··· Data records
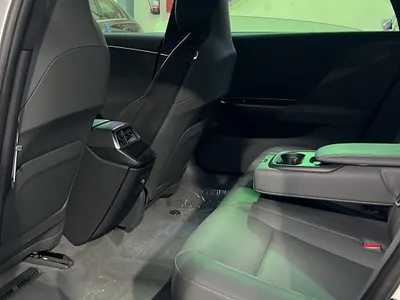 2024 Lucid Air Pure
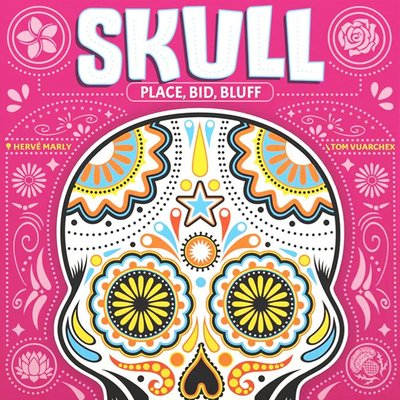 Skull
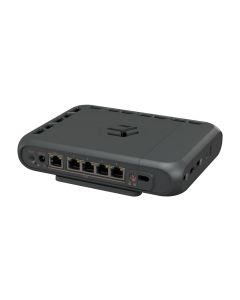 MikroTik hAP be³ Media - MA53UG+HbeH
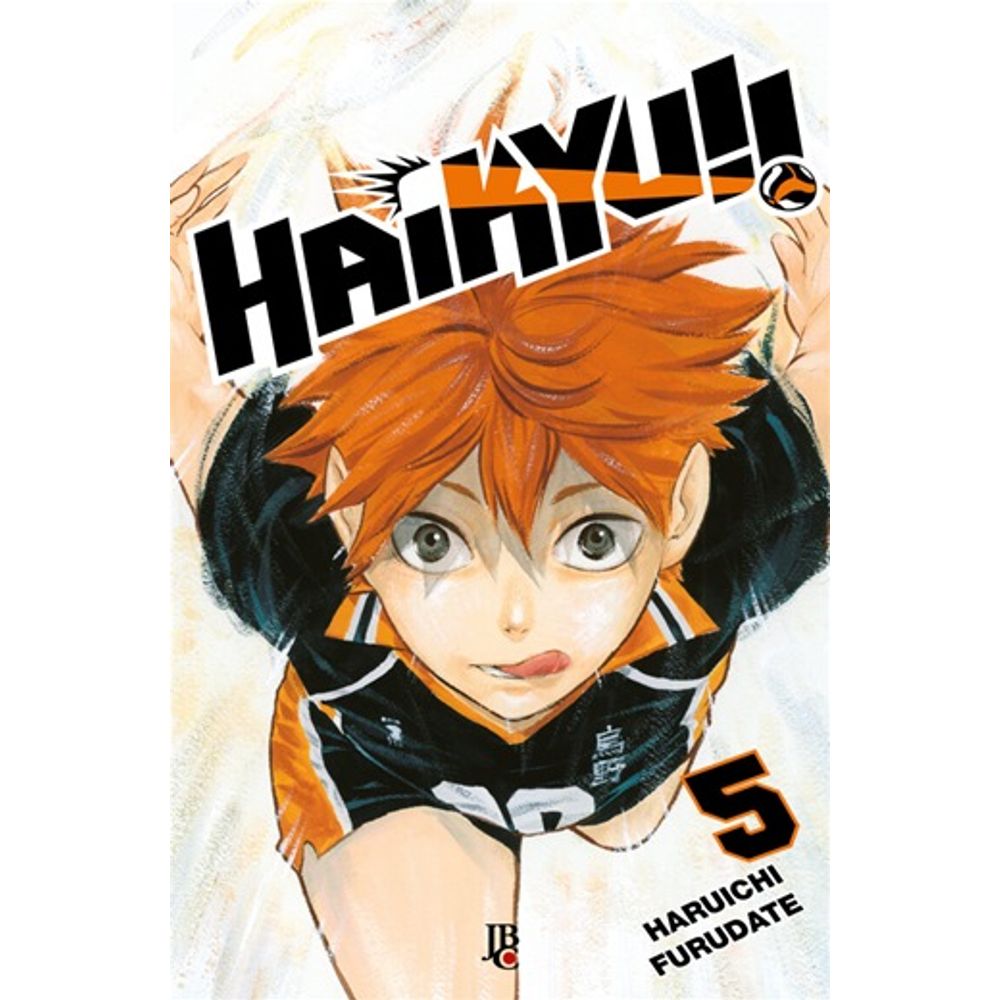 Haikyuu Manga Guia De Personagens Japonês + Brinde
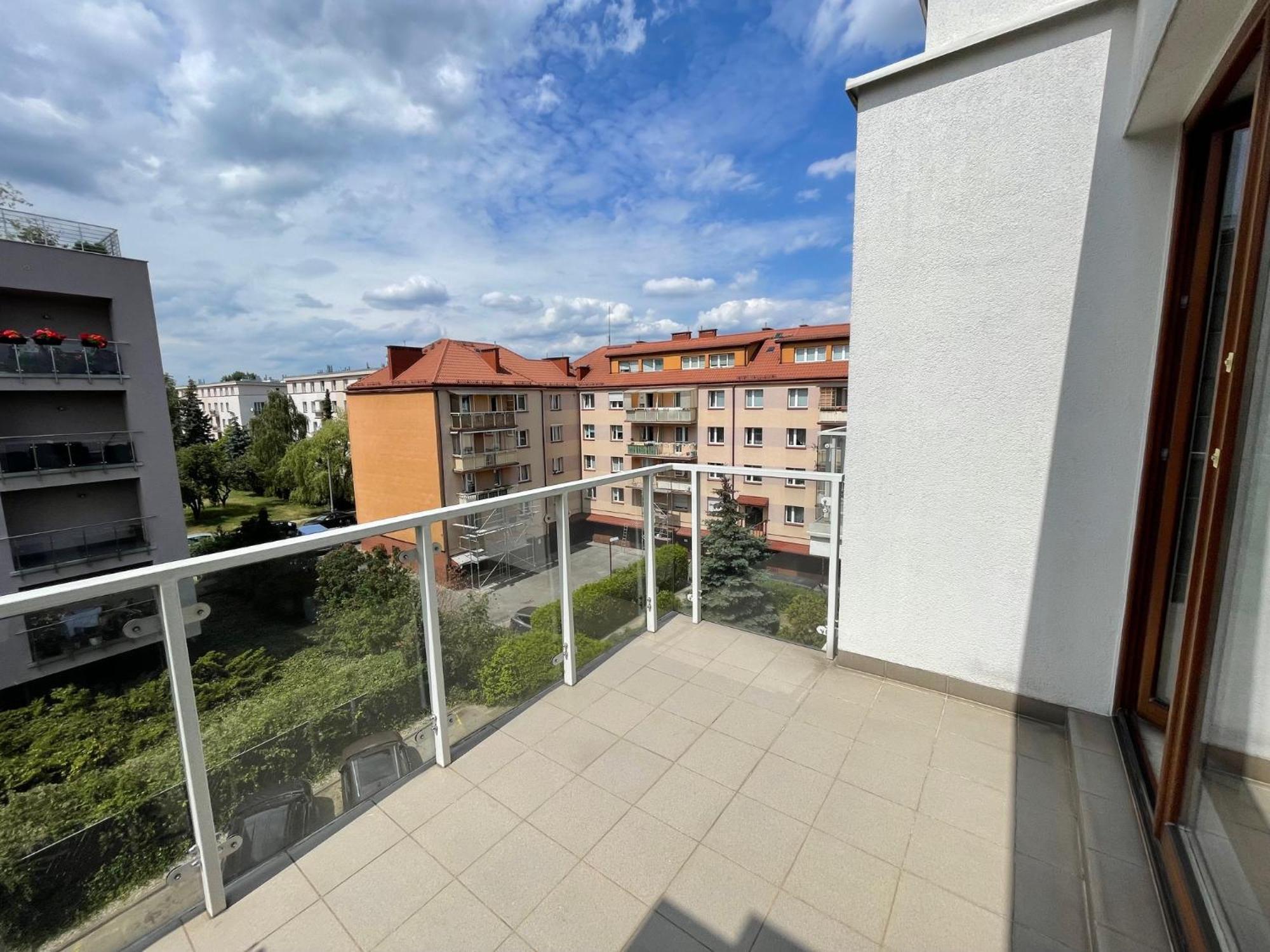 Apartament Elegant Kiprow ワルシャワ エクステリア 写真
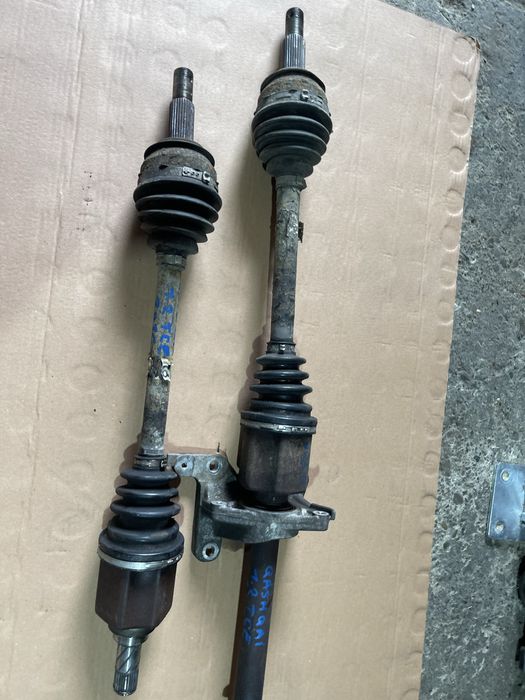 Planetare fata stanga dreapta Nissan Qashqai J11 1.2 TCE 2014-2020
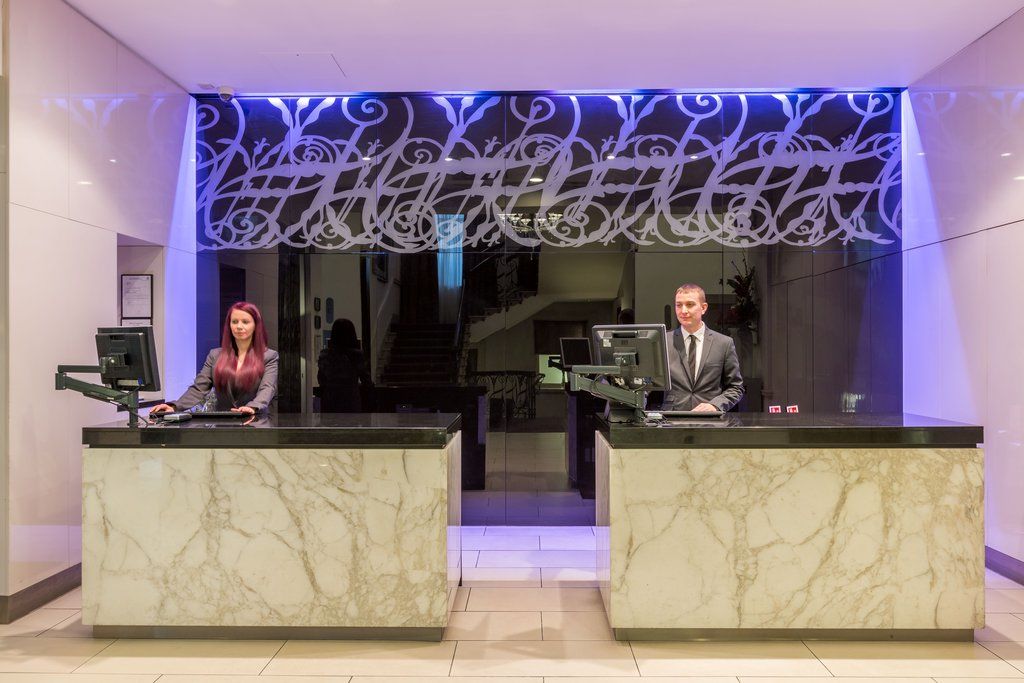 Thistle Holborn Hotel 4*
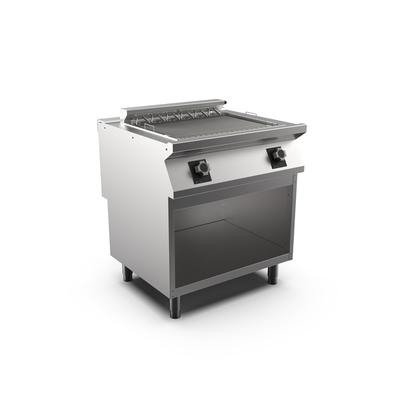 Mareno M1-900 Elektrische Vapeur Grill - 80cm - 191.362 1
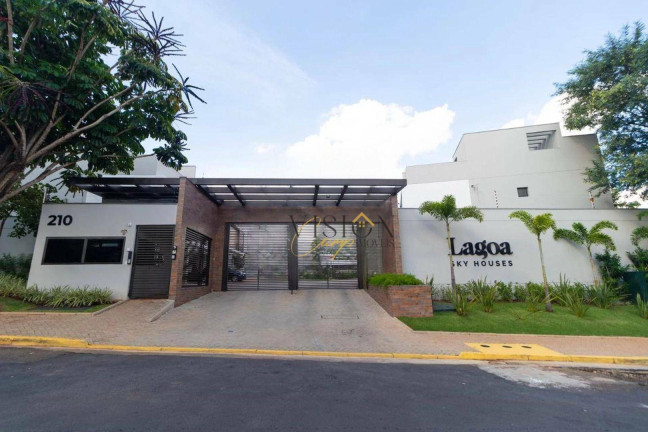 Casa com 3 Quartos à Venda, 150 m² em Parque Taquaral - Campinas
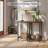 Raimondas 28.9" Tall End Table-95715660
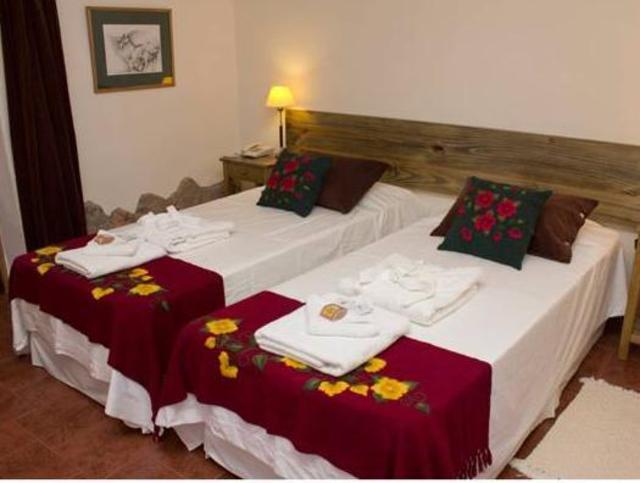 Las Dalias, Pension & B&B – Villa Las Rosas (Foto 2)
······
Problem details:
Print every entry above again, exactly as written. Leave the images out.

Solution to this task:
 2024 Lucid Air Pure
 Skull
 MikroTik hAP be³ Media - MA53UG+HbeH
 Haikyuu Manga Guia De Personagens Japonês + Brinde
 Apartament Elegant Kiprow ワルシャワ エクステリア 写真
 Planetare fata stanga dreapta Nissan Qashqai J11 1.2 TCE 2014-2020
 Thistle Holborn Hotel 4*
 Mareno M1-900 Elektrische Vapeur Grill - 80cm - 191.362 1
 Casa com 3 Quartos à Venda, 150 m² em Parque Taquaral - Campinas
 Raimondas 28.9" Tall End Table-95715660
 Las Dalias, Pension & B&B – Villa Las Rosas (Foto 2)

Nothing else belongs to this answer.